Every year, we at The Pixel Project come across a wide variety of innovative and powerful anti-Violence Against Women campaigns by our fellow activists and non-profits from around the globe, and 2015 is no exception. Notably, many campaigns took place this year in the United Kingdom, which signifies that great efforts are being made to eradicate Violence Against Women in that region. Still, much is to be done in the UK and worldwide.
We acknowledge that anti-VAW campaigners put themselves in perilous situations to advocate for the safety of others and we are immeasurably grateful for their bravery. From women marching the streets to women combating harassment online, each and every action, large or small, counts.
So today, in honour of all VAW activists, nonprofits and grassroots group who toil in such thankless situations to bring about positive change to the lives of women and girls facing violence, we present 16 of the most striking campaigns/programmes we have come across in the last year of our work.
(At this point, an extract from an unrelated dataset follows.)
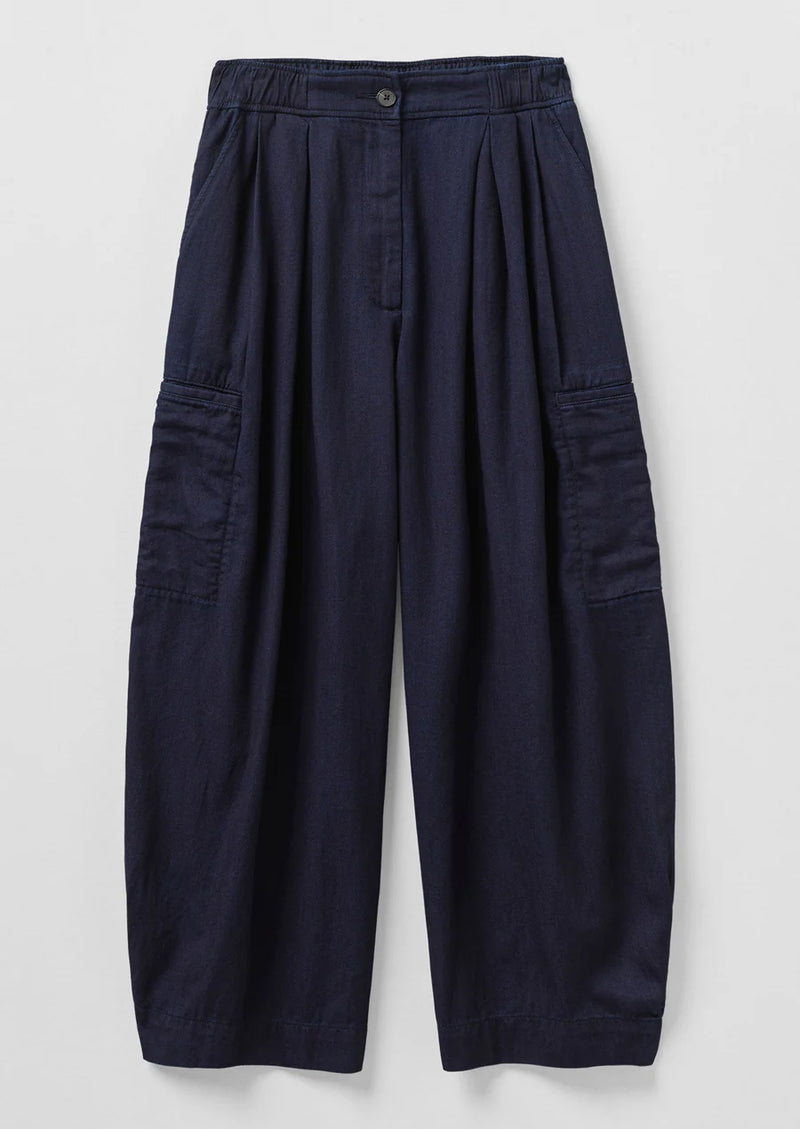 Indigo Cotton Twill Wide Leg Trouser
What these campaigns have in common are:
- The built-in “water-cooler” factor that gets the community buzzing about the campaign and by extension, the issue of VAW.
- A good sense of what works in and for the culture and community where the activist/nonprofit/grassroots group is trying to effect change.
We hope that these campaigns and initiatives inspire you to take action and get on board the cause to end VAW.
It’s time to stop violence against women. Together.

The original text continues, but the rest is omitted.